* **PROMPT**
Search the records below for the word "background" and show every line where it occurs.

* **DATA RECORDS**
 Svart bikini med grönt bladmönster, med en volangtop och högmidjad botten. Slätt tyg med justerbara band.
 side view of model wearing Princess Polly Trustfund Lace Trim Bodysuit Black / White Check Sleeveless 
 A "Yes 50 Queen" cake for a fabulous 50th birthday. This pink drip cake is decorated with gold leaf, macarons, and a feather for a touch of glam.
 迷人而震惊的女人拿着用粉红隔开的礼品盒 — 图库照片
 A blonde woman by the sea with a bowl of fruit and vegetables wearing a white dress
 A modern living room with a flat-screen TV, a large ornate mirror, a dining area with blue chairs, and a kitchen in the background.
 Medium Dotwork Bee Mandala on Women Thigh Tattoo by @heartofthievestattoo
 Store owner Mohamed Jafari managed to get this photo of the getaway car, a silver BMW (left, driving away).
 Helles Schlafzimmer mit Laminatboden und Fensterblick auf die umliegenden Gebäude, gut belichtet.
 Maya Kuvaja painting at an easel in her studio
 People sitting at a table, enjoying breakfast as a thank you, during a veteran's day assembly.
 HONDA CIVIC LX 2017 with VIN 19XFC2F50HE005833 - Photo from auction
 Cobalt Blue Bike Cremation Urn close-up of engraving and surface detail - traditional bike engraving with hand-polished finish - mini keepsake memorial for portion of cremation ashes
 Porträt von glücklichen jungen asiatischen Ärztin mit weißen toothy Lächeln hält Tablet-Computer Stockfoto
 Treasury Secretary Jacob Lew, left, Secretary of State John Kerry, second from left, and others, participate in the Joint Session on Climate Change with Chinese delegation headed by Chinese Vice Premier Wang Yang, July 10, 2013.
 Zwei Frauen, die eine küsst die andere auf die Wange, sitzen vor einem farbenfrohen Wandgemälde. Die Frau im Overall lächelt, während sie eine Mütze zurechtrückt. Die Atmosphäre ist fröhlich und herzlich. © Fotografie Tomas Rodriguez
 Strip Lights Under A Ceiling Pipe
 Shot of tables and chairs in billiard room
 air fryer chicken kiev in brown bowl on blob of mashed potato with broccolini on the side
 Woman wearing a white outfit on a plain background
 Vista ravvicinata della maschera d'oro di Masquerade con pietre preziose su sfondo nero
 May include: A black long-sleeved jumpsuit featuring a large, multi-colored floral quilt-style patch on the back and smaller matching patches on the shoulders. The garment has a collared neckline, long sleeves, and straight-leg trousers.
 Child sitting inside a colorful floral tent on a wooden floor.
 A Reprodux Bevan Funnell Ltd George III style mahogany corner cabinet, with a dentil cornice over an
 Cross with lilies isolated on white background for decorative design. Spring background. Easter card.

* **TASK RESPONSE**
 A modern living room with a flat-screen TV, a large ornate mirror, a dining area with blue chairs, and a kitchen in the background.
 Woman wearing a white outfit on a plain background
 Cross with lilies isolated on white background for decorative design. Spring background. Easter card.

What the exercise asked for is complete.